Go through the following data and transcribe exactly the stretch of lines from the one holding "39 MILLCROFT WAY, Vaughan" to the one holding "Lynk & Co Z10 — миниатюра 11", both included.

___ EXTRACTED DATA

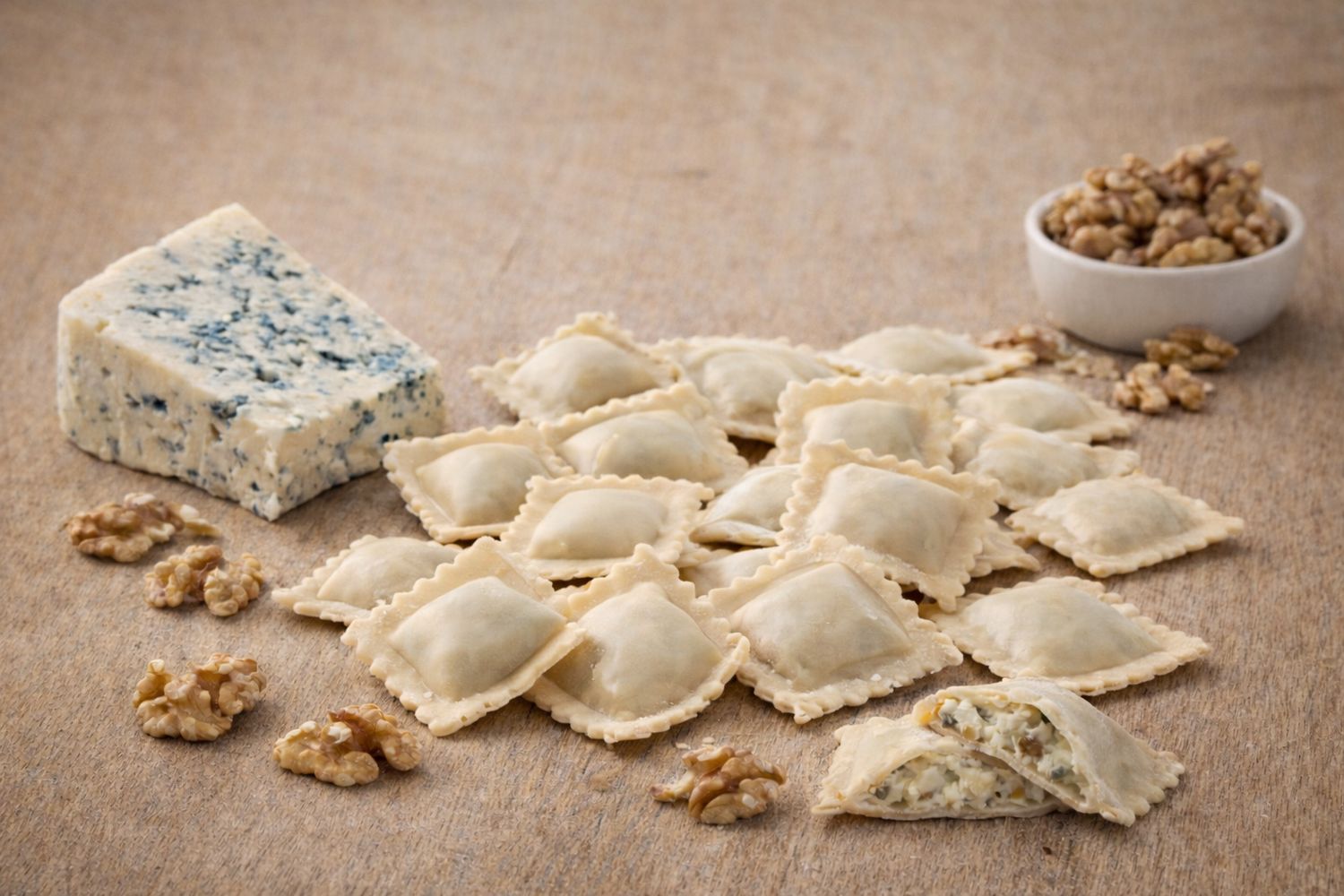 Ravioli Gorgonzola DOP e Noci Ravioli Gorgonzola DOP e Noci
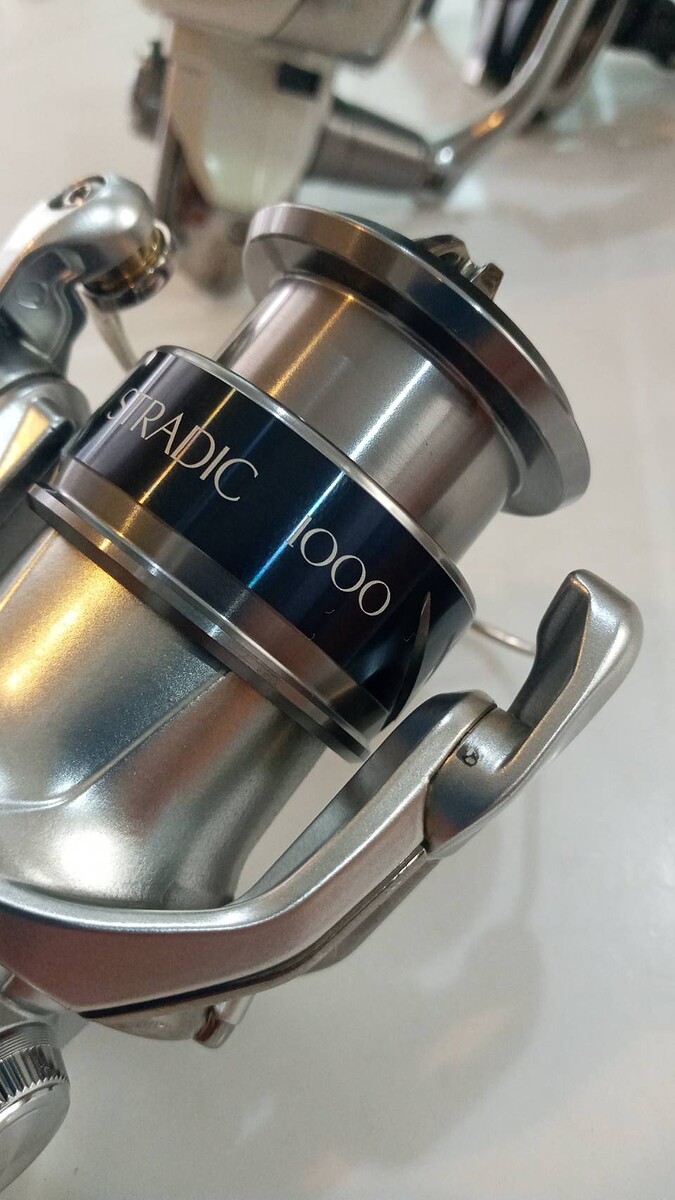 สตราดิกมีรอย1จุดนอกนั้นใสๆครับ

______
___ EXTRACTED DATA

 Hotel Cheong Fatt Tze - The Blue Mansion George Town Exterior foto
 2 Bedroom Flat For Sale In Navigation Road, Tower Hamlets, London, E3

______
___ EXTRACTED DATA

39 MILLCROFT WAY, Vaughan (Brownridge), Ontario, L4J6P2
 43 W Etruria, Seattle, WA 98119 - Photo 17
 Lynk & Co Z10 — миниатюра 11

______

ANSWER SECTION:
39 MILLCROFT WAY, Vaughan (Brownridge), Ontario, L4J6P2
 43 W Etruria, Seattle, WA 98119 - Photo 17
 Lynk & Co Z10 — миниатюра 11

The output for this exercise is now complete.